The authors have declared that no competing interests exist.

Figures

Figure 1
Figure 1. Experimental setup and model structure.
(A) Experimental setup. (B) Model structure. Solid line: information signal; dashed line: activation signal; dotted line: reward-based (reinforcement) learning; double dotted line: error-based (supervised) learning.
Figure 2
Figure 2. Neuronal population coding and spontaneous use over the workspace for the affected arm.

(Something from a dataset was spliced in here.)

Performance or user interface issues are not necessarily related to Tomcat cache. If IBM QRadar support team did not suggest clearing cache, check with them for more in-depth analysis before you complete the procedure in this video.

(A) Neuronal population coding. (B) spontaneous use (B). For (A) and (B): (1) Before stroke, (2) after stroke, (3) after 3,000 free choice trials, and (4) after 1,000 forced used trials followed by 2,000 free choice trials. In (A), each population vector figure shows the desired reach directions (thin black arrows), the neuron activation levels along their preferred directions (thin gray lines), and the resulting population vector (thick black arrows). Note that there are no “votes” for directions corresponding to the lesioned directions in (A.2) and (A.3) but that in (A.4), many neurons have become retuned to yield votes in the lesioned directions. In (B), the pie plots show the probability of using the unaffected right arm to reach to targets arrayed on a circle around the central position. In (B.2) and (B.3), the less affected arm reaches into the lesioned quadrant, but this effect is reversed with therapy (B.4).
Figure 3
Figure 3. Time course of behavioral performance and spontaneous use in the affected range just before stroke, following stroke (“acute stroke”), during rehabilitation, and after rehabilitation (“chronic stroke”).

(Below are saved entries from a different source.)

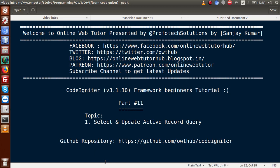Hello guys, welcome to Online Web Tutor presented by Proofotex sessions team. I am Sanjay. We are learning CodeIgniter Framework Beginner's tutorial and this is part 11. Inside this video session, we will discuss about select and update active record queries.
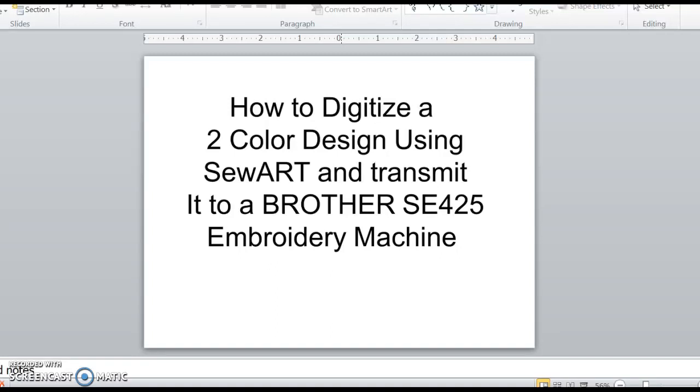Hi everyone, I'm going to show you how to digitize a two color design using the SoArt software on my computer and how to transmit the design to my Brother SE425 embroidery machine. I'm going to make the design big enough to fill the 4x4 hoop.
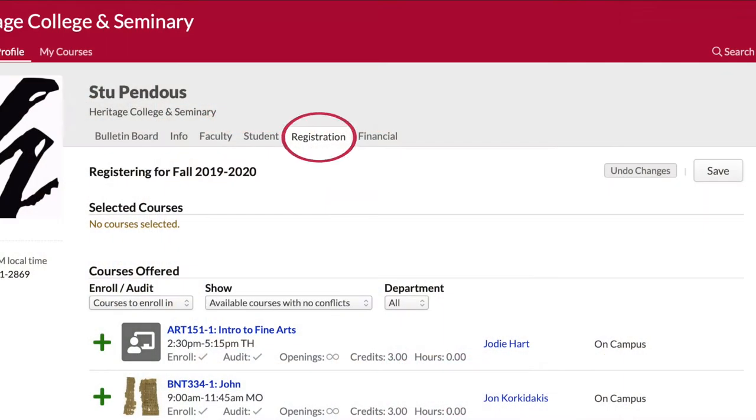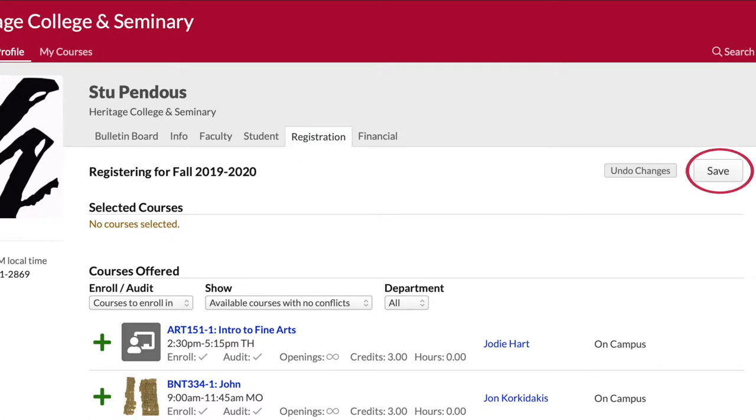Once you log on to MyHeritage, you can click on your registration tab to select the courses you need. Be sure to click save when you are finished.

(A) Directional error, (B) normalized population vector (PV), and (C) spontaneous arm choice. Five different durations of therapy were used (0, 200, 400, 800, or 3,000 trials). The spontaneous arm use is an average selection probability from 10 uniformly distributed desired directions on the affected range. The threshold of effective rehabilitation for this stroke size is shown in the horizontal dotted line of (C). If the rehabilitation leads to performance above this threshold, then a virtuous circle between spontaneous arm use and performance will take place and performances will continue to improve without the need for further rehabilitation.
Figure 4
Figure 4. Changes in spontaneous use following rehabilitation as a function of the number of rehabilitation trials.
We plotted the average slope of spontaneous arm use in the 1,000 trials following rehabilitation as a function of the intensity of therapy. Above 420 trials (with the default parameter set), spontaneous arm use increases after therapy. Below this number of trials, it decreases.
Figure 5
Figure 5. Effect of the number of rehabilitation trials in immediate and follow-up tests.

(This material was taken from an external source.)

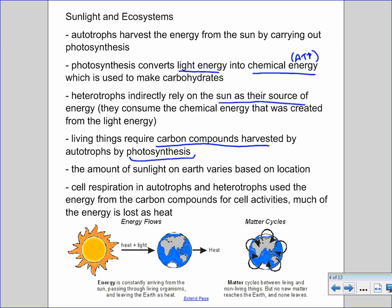The amount of photosynthesis that occurs within a given ecosystem can vary, because the amount of sunlight reaching the Earth varies based on location — not all parts of the Earth receive equal amounts of sunlight. Cell respiration in autotrophs and heterotrophs uses the energy from carbon compounds for cellular activities, and much of that energy gets lost as heat, making it an inefficient process.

Directional error (A), normalized population vector (PV) (B), and spontaneous arm use (C) in the immediate and follow-up tests. The directional error performance following few rehabilitation trials worsens after therapy. On the contrary, the directional error performance after sufficient rehabilitation trials improves even after therapy. Similar bistable patterns are shown for the normalized population vector and spontaneous use shown in (B) and (C).
Figure 6
Figure 6. Effect of stroke size.
(A) Number of rehabilitation trials required to reach the effective rehabilitation threshold, as a function of lesion sizes. (B) Normalized population vector (PV) as a function of lesion size in the follow-up test after 800 rehabilitation trials.
Figure 7
Figure 7. Changes in reach precision (standard deviation of directional error) in relation to changes in accuracy (mean of directional error).
(A) Contralateral (affected) arm and (B) ipsilateral (nonaffected) arm. In each panel, the thick solid line corresponds to the changes occurring from just before stroke to the 500th free choice trials following stroke onset. The thin solid line represents additional changes in a no therapy condition (3,000 free choice trials). The dotted line represents additional changes in a therapy condition (1,000 therapy trials followed by 2,000 free choice trials). After stroke, accuracy and variability of the contralateral arm worsened. Following therapy, accuracy improved but with little change in variability. With no therapy, behavioral compensation with the nonaffected arm further developed, resulting in improved accuracy for this arm (B).
Figure 8
Figure 8. Cortical reorganization following stroke.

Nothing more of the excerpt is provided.